Worker Queue Configuration

Agones uses multiple specialized worker queues for different operations:
# Controller deployment configuration
apiVersion: apps/v1
kind: Deployment
metadata:
  name: agones-controller
spec:
  template:
    spec:
      containers:
      - name: agones-controller
        env:
        # Number of workers for general operations
        - name: NUM_WORKERS
          value: "100"
        # Separate workers for creation operations
        - name: CREATION_WORKERS
          value: "50"
        # Separate workers for deletion operations  
        - name: DELETION_WORKERS
          value: "50"
Increasing workers improves parallelism but also increases API server load. Balance based on your cluster capacity.

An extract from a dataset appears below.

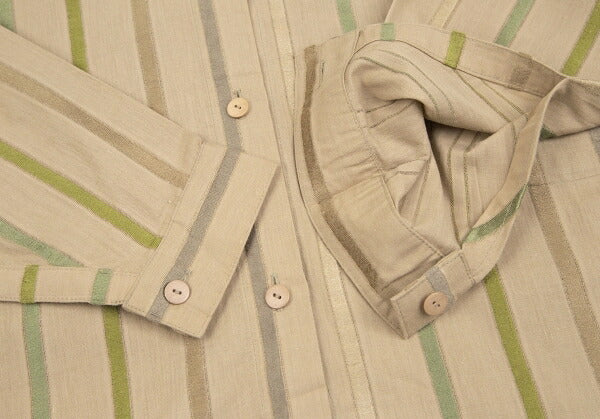 ISSEY MIYAKE Multi Stripe Weave Stand Shirt Mocha Size 9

Allocation Batch Processing

The allocator batches allocation requests to improve throughput:
helm install agones agones/agones \
  --set agones.allocator.allocationBatchWaitTime=500ms
From cmd/allocator/main.go:110:
viper.SetDefault(allocationBatchWaitTime, 500*time.Millisecond)
Lower values decrease latency but reduce batching efficiency. Higher values increase throughput but add latency.

Resource Optimization

Controller Resources

Optimize controller resource allocation based on cluster size:
# For small clusters (< 100 game servers)
resources:
  requests:
    cpu: 100m
    memory: 256Mi
  limits:
    cpu: 500m
    memory: 512Mi

# For medium clusters (100-1000 game servers)
resources:
  requests:
    cpu: 500m
    memory: 512Mi
  limits:
    cpu: 1000m
    memory: 1Gi

# For large clusters (1000+ game servers)
resources:
  requests:
    cpu: 1000m
    memory: 1Gi
  limits:
    cpu: 2000m
    memory: 2Gi
Helm configuration:
helm install agones agones/agones \
  --set agones.controller.resources.requests.cpu=1000m \
  --set agones.controller.resources.requests.memory=1Gi \
  --set agones.controller.resources.limits.cpu=2000m \
  --set agones.controller.resources.limits.memory=2Gi

Sidecar Resource Tuning

The SDK sidecar runs alongside every game server. Optimize its resources:
helm install agones agones/agones \
  --set agones.sdkServer.sidecar.resources.requests.cpu=50m \
  --set agones.sdkServer.sidecar.resources.requests.memory=64Mi \
  --set agones.sdkServer.sidecar.resources.limits.cpu=100m \
  --set agones.sdkServer.sidecar.resources.limits.memory=128Mi
For minimal overhead:
sidecar:
  resources:
    requests:
      cpu: 30m      # Minimum viable
      memory: 32Mi  # Minimum viable
    limits:
      cpu: 50m
      memory: 64Mi

SDK Rate Limiting

Limit SDK request rate to prevent sidecar overload:
helm install agones agones/agones \
  --set agones.sdkServer.sidecar.requestsRateLimit=100
This sets a limit of 100 requests per second per sidecar.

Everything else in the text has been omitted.